3.1. Natural variations in maternal care

When compared to adult offspring from H-LG mothers, adult offspring from L-LG mothers has less complex cells in the hippocampal CA1 area and dentate gyrus (Champagne et al., 2008, Bagot et al., 2009). The dendrites of these cells show fewer spines and the expression of hippocampal synaptic proteins is reduced (Liu et al., 2000). In addition, neurogenesis in the dentate gyrus is affected in these animals. When compared to offspring of H-LG animals, offspring of low-licking grooming animals exhibits reduced survival of newly born cells (Bredy et al., 2003). Functionally, synaptic plasticity in the dorsal part of the dentate gyrus and CA1 area is reduced in L-LG offspring when compared to H-LG offspring (Champagne et al., 2008, Bagot et al., 2009). Even within a litter there are variations in the amount of maternal care that the pups receive and this correlates positively with dendritic complexity and dorsal hippocampal synaptic plasticity later in life (van Hasselt et al., 2012a, van Hasselt et al., 2012b). Less care within a litter is related to less dendritic complexity and reduced synaptic plasticity, at least in males. In line with these structural observations, behavioral studies show that offspring of L-LG mothers displays reduced spatial memory when compared to H-LG offspring (Liu et al., 2000).

Yet, in the ventral hippocampus - the (<20%) part of the hippocampus that has been linked to emotional behavior - neuronal excitability and synaptic potentiation is enhanced in L-LG animals when compared to H-LG animals (Nguyen et al., 2015). Also, when neurons in the dorsal hippocampus of L-LG animals are exposed to stress hormones, synaptic plasticity is enhanced, indicating that these neurons do have the ability to express synaptic plasticity, in particular under conditions that mimic stressful conditions (Champagne et al., 2008, Bagot et al., 2009, Bagot et al., 2012). When compared to H-LG animals, learning under stressful conditions such as contextual fear learning (Champagne et al., 2008) is enhanced in L-LG animals and these animals display increased anxiety levels (Weaver et al., 2006, van Hasselt et al., 2012c).

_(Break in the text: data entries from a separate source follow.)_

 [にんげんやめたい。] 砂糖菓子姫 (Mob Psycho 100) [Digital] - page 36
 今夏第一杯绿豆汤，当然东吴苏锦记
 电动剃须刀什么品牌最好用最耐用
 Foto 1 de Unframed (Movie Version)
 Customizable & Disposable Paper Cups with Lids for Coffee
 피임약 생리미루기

Natural variations in maternal care also affect prefrontal cortex function. Van Hasselt et al. found that individual variations in maternal care correlate with decision making in the Iowa gambling task, a task that critically depends on (among other regions) the prefrontal cortex (van Hasselt et al., 2012c). In this study, H-LG correlated with more beneficial choices during the last trials of this task.

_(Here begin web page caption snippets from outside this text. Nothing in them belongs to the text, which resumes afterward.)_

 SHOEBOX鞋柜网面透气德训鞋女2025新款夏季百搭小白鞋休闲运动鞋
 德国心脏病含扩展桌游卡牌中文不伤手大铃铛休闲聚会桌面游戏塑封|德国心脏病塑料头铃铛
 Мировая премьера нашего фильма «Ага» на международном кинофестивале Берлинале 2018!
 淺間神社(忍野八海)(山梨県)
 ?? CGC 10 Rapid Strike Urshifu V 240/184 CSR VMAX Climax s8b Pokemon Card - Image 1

Together, these studies suggest that lower levels of maternal care received during the first postnatal week are later on accompanied by reduced spatial and executive function, but favor emotional learning processes and enhance anxiety (Fig. 1).

Fig. 1.

Fig. 1

Early life adversity changes the balance towards enhanced cognition. Early life adversity hampers several critical measures for higher cognitive function (such as executive function) while enhancing fear learning and activation of the amygdala.

3.2. Maternal deprivation

Maternal deprivation, induced by 24 h removal of the dam from the pups increased neurogenesis in males 21 days of age (Oomen et al., 2009), but reduced proliferation of cells in 2 months' old male rats, and reduced survival and maturation of newborn cells at an adult age (Oomen et al., 2010). No effects on neurogenesis were found in female rats, while the number of granular cells in the dentate gyrus were reduced after maternal deprivation (Oomen et al., 2011). In addition, maternal deprivation slightly reduced complexity of primary dendrites in the rat dentate gyrus without affecting synaptic plasticity in this area in male rats (Oomen et al., 2010). No effects on plasticity were found in female animals (Oomen et al., 2011).

Behaviorally, Morris water maze learning was also found to be impaired after maternal deprivation (Oitzl et al., 2000, Oomen et al., 2010). As reported for animals in which natural variations in maternal care were compared, synaptic plasticity in slices of maternally deprived animals was affected by stress-hormones. Exposure to corticosterone enhanced synaptic plasticity in maternally deprived rats, suggesting a different response of hippocampal networks during exposure to stress. In line with this, contextual fear conditioning was enhanced in maternally deprived male rats (Oomen et al., 2010) while auditory fear conditioning was enhanced in both male and female rats (Oomen et al., 2011).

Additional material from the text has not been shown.